# Netzwerk-To-Do-Liste



## Diana87 (6. Jan 2011)

Hallo erstmal…

Dies ist mein erster Post in diesem Forum, allerdings habe ich hier schon oft Tipps gefunden!
Ich bin relativer Java-Anfänger, hauptsächlich Grundlagenwissen…Ich hoffe, ihr könnt mir bei der Umsetzung meiner Idee helfen.

Es geht um ein Tool zur Aufgabenverwaltung. Dieses Tool soll eine Art To-Do Liste enthalten, die abgearbeitet werden kann. Ich möchte, dass mit diesem Tool in einem kleinen Netzwerk mehrere Personen arbeiten können, sodass jeder sehen kann, welche Aufgaben schon bearbeitet sind usw. 
Da ich so etwas bisher noch nicht gemacht habe, fällt es mir schwer mir vorzustellen, was ich dafür brauche.. Ich hoffe, ihr habt dazu Ideen?
Sicher benötige ich eine Datenbank, oder? Welche wäre da zu empfehlen? Wie sorge ich dafür, dass mehrere User an diesem Programm arbeiten können?

Vielen Dank schon einmal 
Diane


----------



## SlaterB (6. Jan 2011)

Bugtracker ist ein Stichwort, im Wikipedia-Artikel
Bugtracker ? Wikipedia
findet man auch Links zu zivilisierteren Namen

ich persönlich kann 
Mantis ? Wikipedia
empfehlen, Installation ist aber immer noch eine extra Frage, und ja, mit Datenbank dahinter, z.B. MySQL


----------



## Diana87 (6. Jan 2011)

Danke erstmal für die schnelle Rückmeldung.. Ich habe die beiden Seiten schonmal überflogen, werde mir die gleich nochmal genauer ansehen..

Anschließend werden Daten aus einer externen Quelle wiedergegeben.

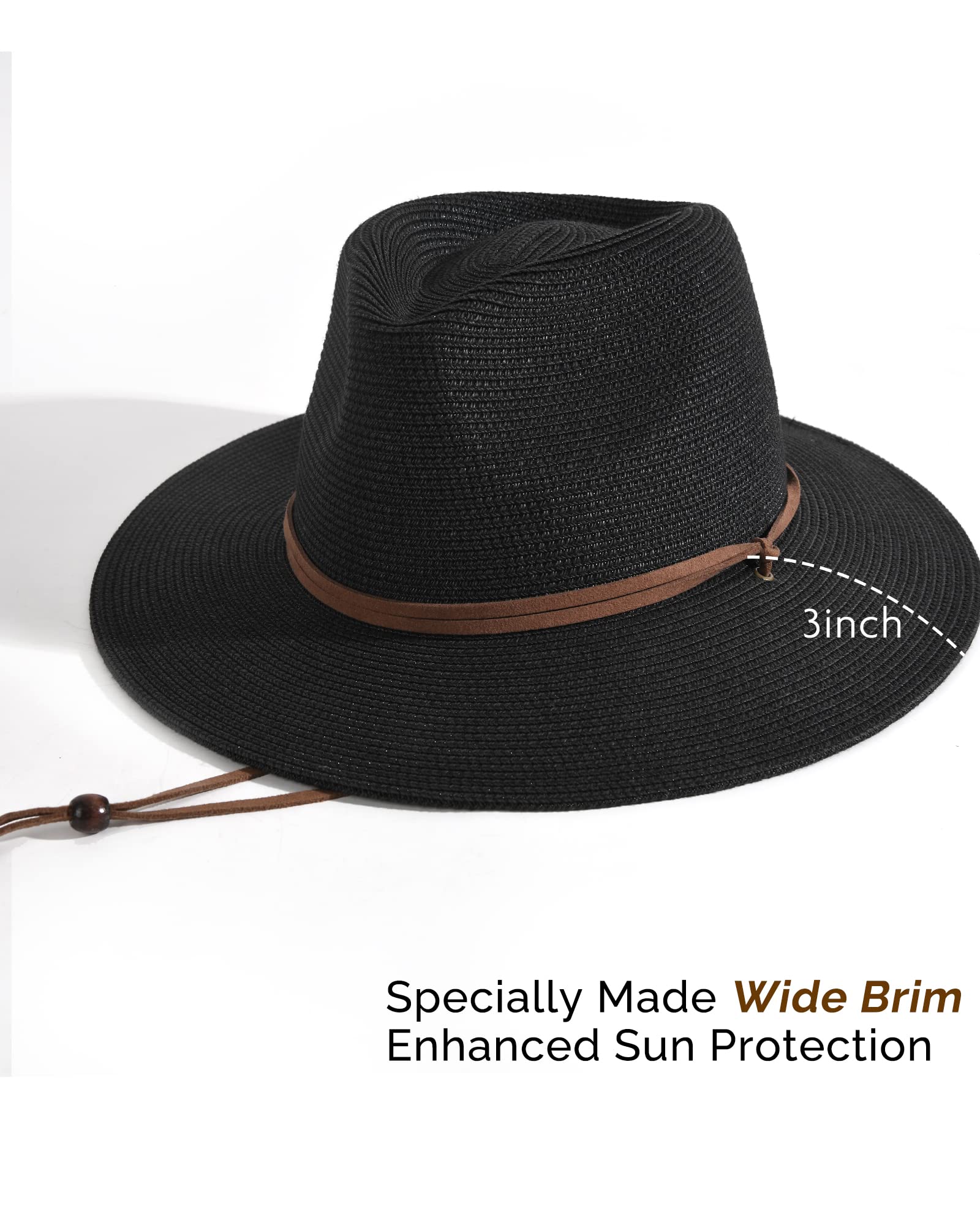 FURTALK Womens Summer Straw Sun Hats Wide Brim Panama Fedora Beach Hat with Wind Lanyard UPF 80+ Black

Nur, ich glaube, ich habe mich blöd ausgedrückt. Ich suche kein solches Tool, sondern möchte vielmehr selbst ein solches programmieren..


----------



## SlaterB (6. Jan 2011)

als DB ist pauschal gesagt jede zu empfehlen,
wenn du mehrere kennst kannst du nach Anzahl google-Suchergebnisse gehen, welche wohl die bekannteste ist,
nun, Oracle muss es nicht gleich sein, MySQL wie gesagt z.B.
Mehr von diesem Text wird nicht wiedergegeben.